Samurai Shodown – Clash of Swords
The EVO runner-up Kazunoko was there, so you know we had to get at him. SnowDrop and VGD from Singapore fought valiantly to secure top 3 placings for themselves, but Kazunoko proved himself to be in a different class as he cruised through winners finals and grand finals without losing a single game.
It’s interesting how Samurai Shodown was run in a way that made it the furthest to the side out of all the side tournaments at SEAM, even if it was technically one of the official games on the line-up.
There were multiple pools for Samurai Shodown, but only 2 set-ups, And rather than the pools being run sequentially at the scheduled times (as is usually done for tournament pools), players just dropped in and out to play their matches whenever they weren’t occupied with other games.
I suppose that really just reflects how most SamSho players engage with the game. Even Kazunoko seemed to be more preoccupied with Guilty Gear and Dragonball FighterZ.

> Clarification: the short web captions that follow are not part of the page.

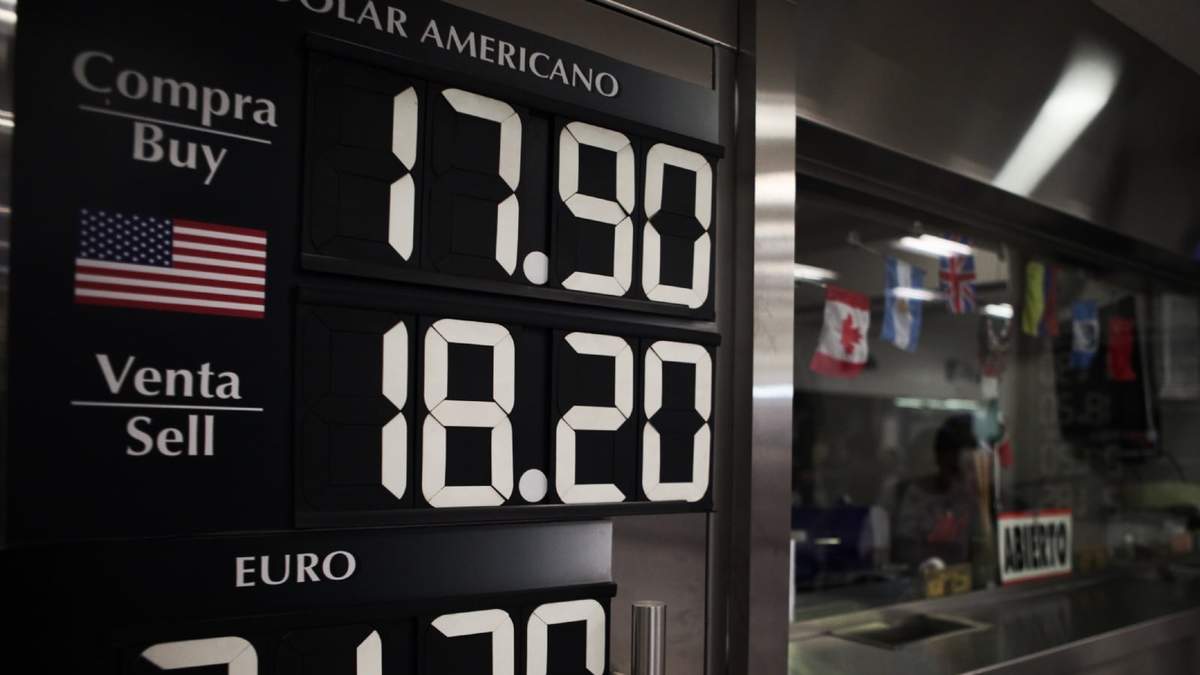 Tipo de cambio del dólar - peso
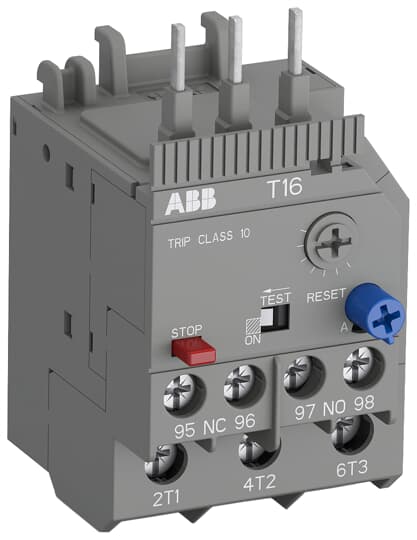 ABB Thermal Overload Relay 1NC/1NO, 1.0 → 1.3 A F.L.C, 1.3 A Contact Rating, 600 V dc, 3P, Thermal Overload
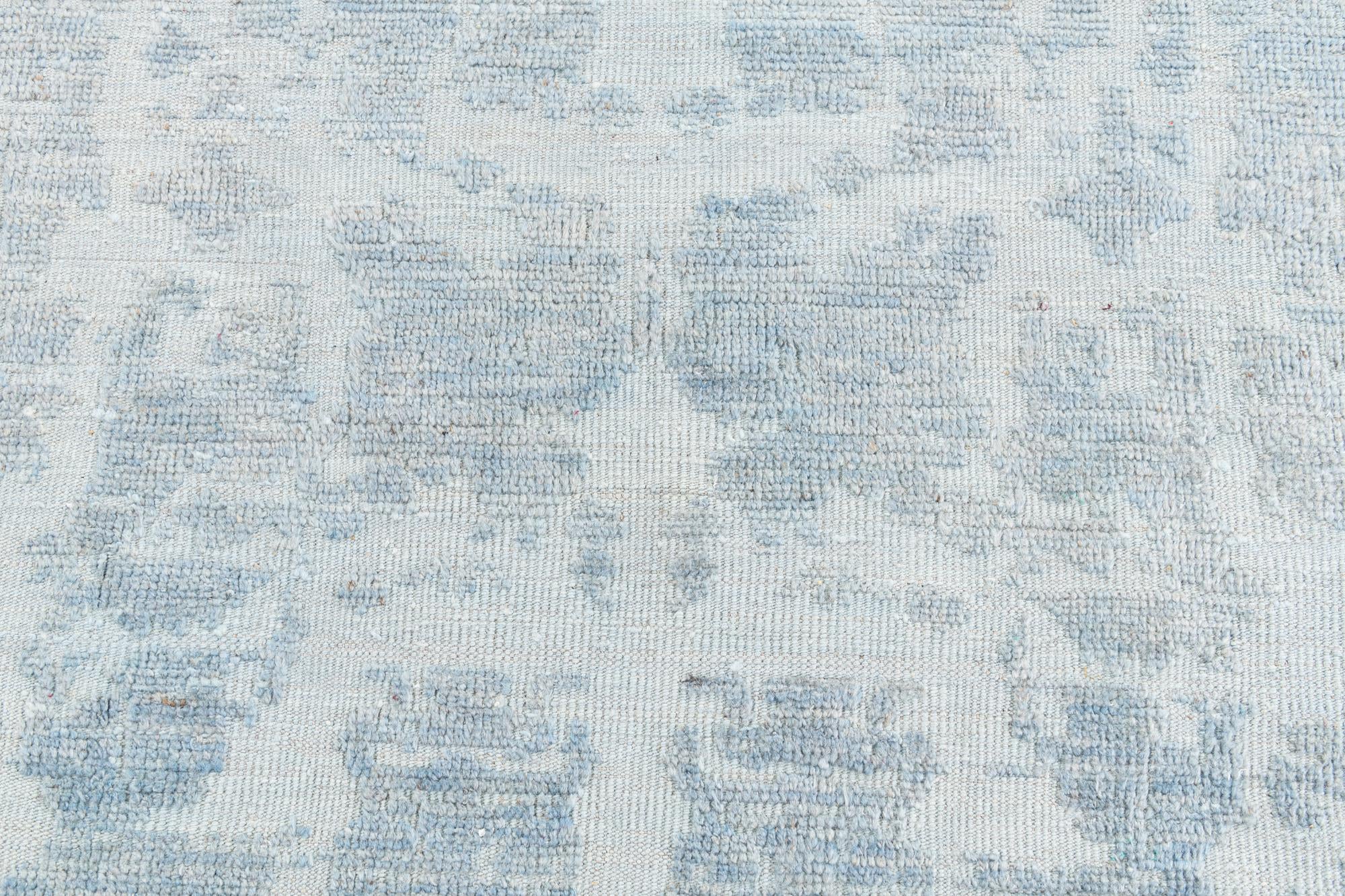 8' 4 x 10' 9 Hand Knotted Oushak Wool Rug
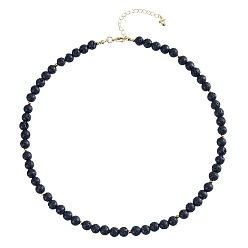 Лавовый камень Богемные круглые бусы из синтетической лавовой породы диаметром 5 мм для женщин, золотые, 14.96 дюйм (38 см)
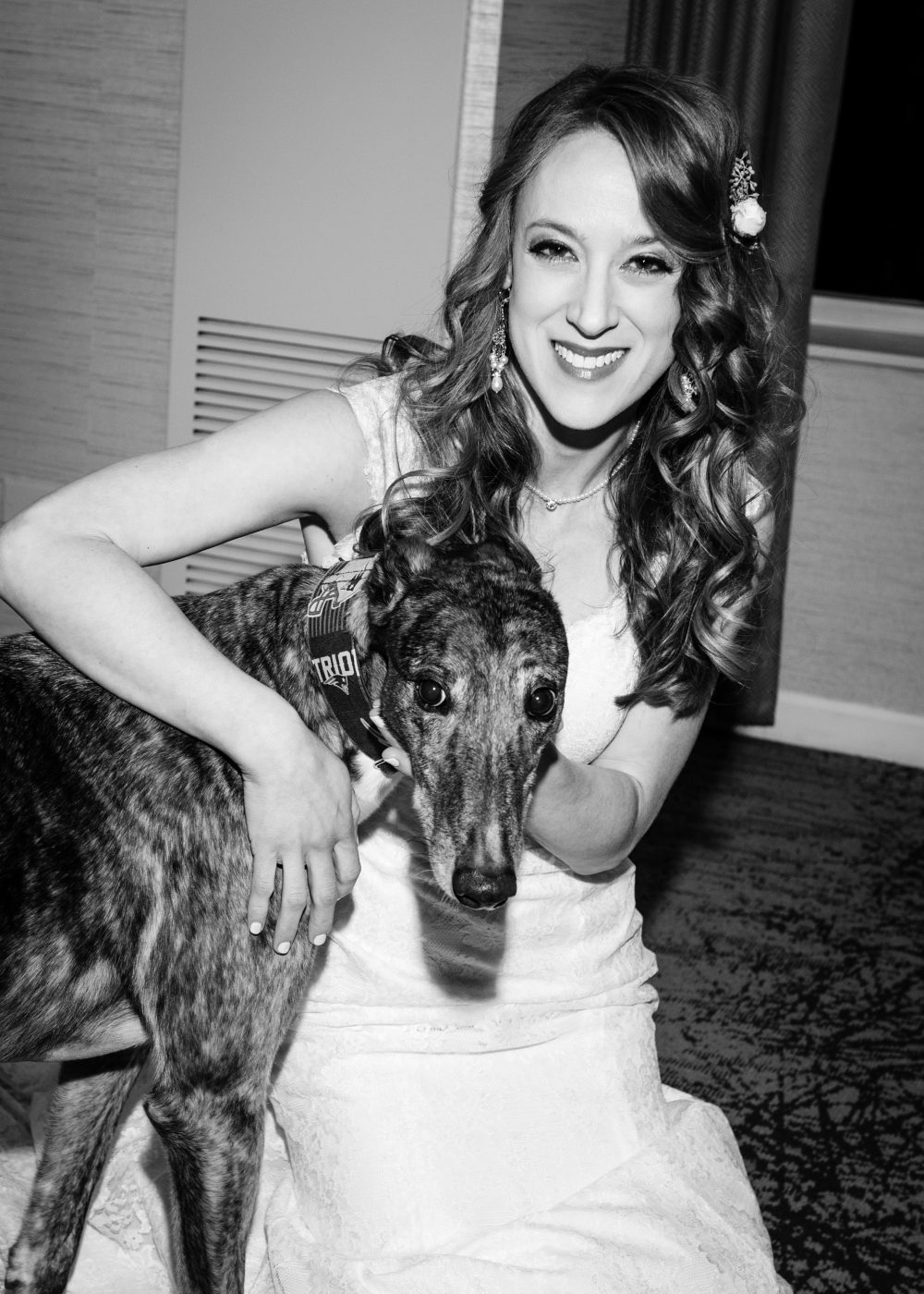 Wedding Portrait with Pet Dog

But then again, that’s also part of the beauty of Samurai Shodown. It’s a very fun game with deep mechanics, and perhaps the best thing about it is that you don’t need to put in an enormous amount of dedication or focus to enjoy it, as long as you already have an appreciation for fighting games in general.
There was a Marvel tournament at SEAM 2019? Yes, there was, thank you for asking.
Although it wasn’t one of the official games at SEAM, the Malaysian and Singaporean division of the fighting game team Infinite Carnage came together to organise Ultimate Marvel Vs Capcom 3 (UMVC3) and Marvel vs Capcom Infinite (MVCI) tournaments which took place on day 2 of SEAM.
UMVC3 had a full 17 man bracket which featured notable players such as Apologyman, ABEGEN, and Horuto. And it was hype.
(image credit: Infinite Carnage)
Huddled around 2 set-ups in the middle of the SEAM tournament area, the Marvel boys created a bigger crowd and generated more excitement around their tournament than any of the matches that were happening for the main games at SEAM.
The other fighting game players couldn’t help but turn their heads away from their games to look at what was going on. Some people couldn’t help but join in on the timeless hype that is UMVC3.
ABEGEN won 1st place in the UMVC3 tournament, while VGD from Singapore actually managed to upset Apologyman in losers finals to secure 2nd place for himself, relegating Apologyman to 3rd place.
(image credit: Infinite Carnage)
Infinite Carnage then ran a 5 man MVCI bracket which VGD won handily. There was little more than bragging rights and a HyperX headset on offer, but the bragging rights were well deserved for him. He let RollynX – the 2nd place winner, drag the HyperX headset back home to Malaysia.
I suppose what I’d really like to see is more of that: more community efforts to make fighting game tournaments even more special. And more room and support from event organisers to allow the community to play the games they love at events and have fun doing it.
If there’s one concern that I have with SEAM and the way that major international tournaments have been growing lately, it’s that they’ve been growing with an increased focus on the esports formula, with events revolving around world tours like the Capcom Pro Tour or the Tekken World Tour.
There’s nothing wrong with placing focus on these tours that are organised and supported by the game developers. However, let’s not forget that the community is what makes the FGC and FGC events truly enjoyable.
The esports tours can rightfully take centre stage, but events and the FGC at large would certainly benefit from organisers providing room and a spotlight for community-driven tournaments to thrive, and to showcase the roots of the FGC.
SEAM 2019 was another solid event, and I hope that the community components continue to grow rather than shrink, so that “Southeast Asia’s Premier Fighting Game Event” can continue to be a great event for the entire SEA FGC to attend.